Şimdi gelelim buzağı kulübelerine;

Bu kulübeler ahşap, metal ve fiberglass gibi çeşitli materyallerden yapılabilmekte olup, maliyeti de göz önüne alınarak genellikle işletmelerimizde ahşap kulübeler kullanılmaktadır. Resimlerde ve krokide görüldüğü gibi 2 - 2,70 m. boyunda 1 m. genişliğinde ve 1 - 1,30 m yüksekliğinde yarısı açık yarısı kapalı kulübelerdir. Kolay taşınılabilir olmaları kullanım kolaylığı sağlar. Açık kısımlarına kesif ve saba yemlik ile su ve süt içmelerini sağlayan düzenekler yerleştirilir.


Bu kulübeler normal zeminden 10-15 cm. yükseklikte, geçirgen (kumlu olabilir ) bir zemin üzerine aralarına bir kulübe sığacak şekilde büşluk bırakılarak yerleştirilir. Kulübe içlerine altlık sap konulur. Geçirgen zemin, idrarın direne edilmesini sağlar.Buzağı kulübeden gruplara alınacağı zaman kulübeler aralarda bırakılan boşluklara yan yatırılarak altı temizlenir ve dezenfekte edilir. Duruma göre kulübelerin yeri de değiştirilebilir. Kulübelerin yönü kış aylarında güneşten en iyi yararlanmayı sağlaması bakımından güneye, yazın ise aşırı öğlen güneşine maruz kalmaması için doğuya bakacak şekilde yerleştirilir.


Kulübelerdeki kaba yemliklere günlük olarak kıyılmış, iyi kalite kuru yonca otu (erken biçim) yiyebildiği kadar konulur. Kaliteli kesif yeme(buzağı başlatma yemi ) ilaveten, bunun içine bir miktar dane mısır da konulabilir. Yeni doğan buzağılar, bu dane mısırı kolaylıkla hazmedebilirler ve enerji ihtiyacının bir kısmı bu şekilde karşılanabilir. Buzağı bu dönemde tek mideli olduklarından sindirim problemi olmaz. Dışkılarında dane mısır görülünceye kadar bu işleme devam edilir.Kulübelerin kapalı bölmelerinin bir yüzeyi yazın çok sıcak olan iklimlerde açılıp ön taraf gibi çıtalar yerleştirilerek havalandırma imkanı sağlar.


Sistemin avantajları

1. Bu sistem sağlıklı bir buzağı yetiştiriciliği sağlar;


a.Buzağı, açık havada olduğundan devamlı temiz hava ve güneşlenme imkanına sahiptir. Bu nedenle de buzağılar en sık görülen Septisemi Pnomoni gibi bakteriyel hastalıklara karşı mukavim olurlar. Bu hastalıklara neden olan mikroorganizmaların güneş altında ve düşük ısı ile düşük rutubet ortamlarında yaşama şansı zayıftır.

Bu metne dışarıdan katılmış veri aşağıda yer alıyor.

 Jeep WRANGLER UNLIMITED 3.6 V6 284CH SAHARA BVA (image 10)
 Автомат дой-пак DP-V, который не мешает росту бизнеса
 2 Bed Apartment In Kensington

b.Buzağılar rutubetsiz ve ahır içindeki gibi amonyaksız bir ortamda ve devamlı güneşlenme imkanına sahip olduklarından halk arasında kellik denilen mantari deri hastalıklarına ve göz hastalıklarına yakalanma şansı çok azdır. Ayrıca bu sistemde D vitamin sentezi olabilmesi için güneş ışınları ile buzağının derisinin direkt teması mümkün olabilmektedir, bu da vücut için çok önemli olan kalsiyum ve fosfor metabolizmasını olumlu yönde etkilemektedir.


c.Bu sistemde buzağı kulübeleri seyyar ve taşınabilir olduklarından hastalık etmenine sahip mikroorganizmaların olduğu ortamlardan başka tarafa kolaylıkla taşınarak uzaklaştırılabilirler ve eski yerleri de kolaylıkla dezenfekte edilebilir.

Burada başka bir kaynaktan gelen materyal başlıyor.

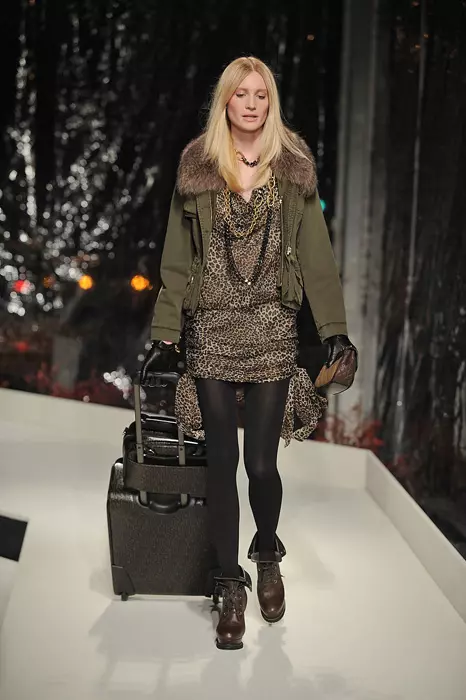Moschino Cheap & Chic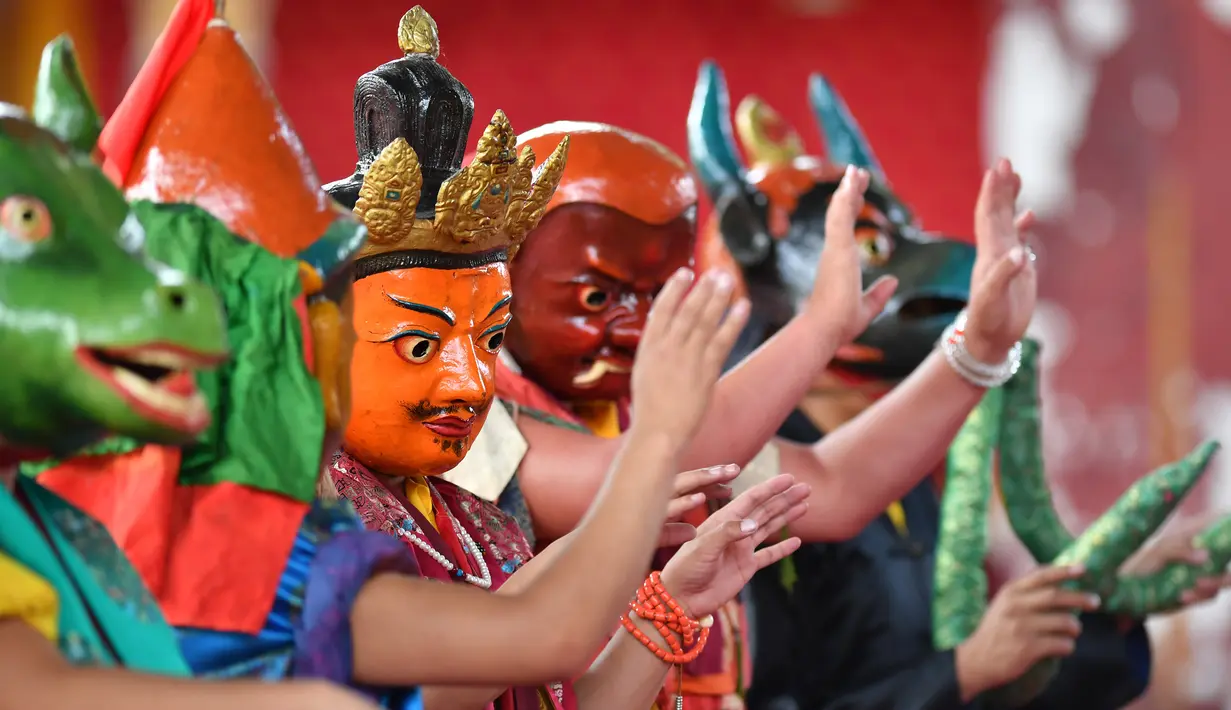 Para biksu Buddha yang mengenakan topeng tampil dalam acara tarian Cham tahunan untuk berdoa agar mendapatkan panen yang baik dan kehidupan yang damai di Biara Tashilhunpo di Xigaze, Daerah Otonom Tibet, China barat daya, 22 September 2020. (Xinhua/Chogo)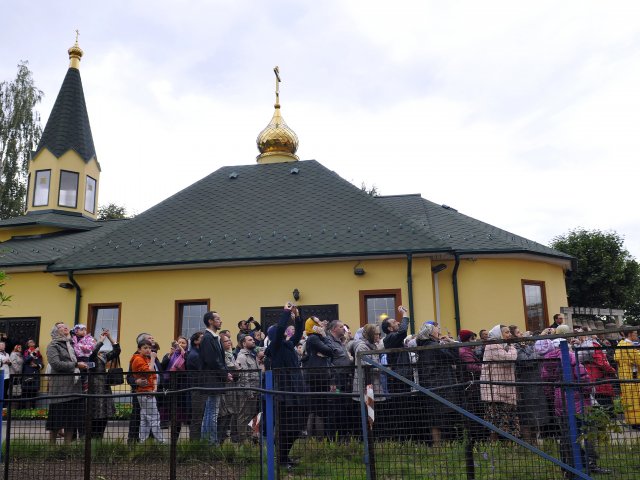 Освящение и установка крестов — фото 8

d.Bu sistemde yetişen buzağılar bölgenin iklim şartlarına adapte olduklarından yetişkinlik dönemleri dahil hastalıklara karşı daha mukavim olurlar.


2. Bakım kolaylığı ve ekonomik fayda sağlar;


a.Buzağıların ferdi kulübelerde her türlü kontrolü çok kolaydır.

b.Buzağılar suni emzilidiklerinden ve grup halinde olmadıklarından birbirlerini emmek gibi kötü alışkanlıklar edinmezler. Aksi halde bu kötü alışkanlık inek olduklarında da devam etmekte ve sürü idaresini zorlaştırarak süt kaybı ve dolayısıyla ekonomik kayıplara neden olmaktadır. Böylece bu mahzur da ortadan kalkmaktadır.

c.Bu sistemde işçilik masrafı düşüktür. Bakıcı sadece süt içirme ve yemleme işlerini yapar; kapalı sistemlerdeki gibi temizlik işi yoğun değildir. Çünkü buzağı bölmeleri her gün temizlenmez, idrar alta süzüldüğünden sadece üste gerektiği kadar altlık ilavesi yapılır.

d.Bu sistem, buzağı yetiştirme için yapılan bina masrafını ortadan kaldırmakta ve çok ekonomik olmaktadır. Ferdi buzağı kulübeleri -30 °C'ye kadar düşük ısılarda bile çok başarılı bir şekilde kullanılmaktadır.

Yukarıda bazı avantajları belirtilen bu sistem bizi şu neticeye de götürmektedir.Günlük buzağıları bile her türlü iklim koşullarında açıkta başarı ile yetiştirebildiğimize göre, yetişkin sığırlarımız için barınakları betonarme yaparak ve çok büyük paralar harcayarak yapmamıza gerek yoktur. 


Türkiye şartlarında sundurma şeklinde belki bir veya iki tarafı hakim rüzgarlara kapalı olacak şekilde açık ahırlarda her türlü süt ve besi sığırcılığı başarıyla yapılabilir.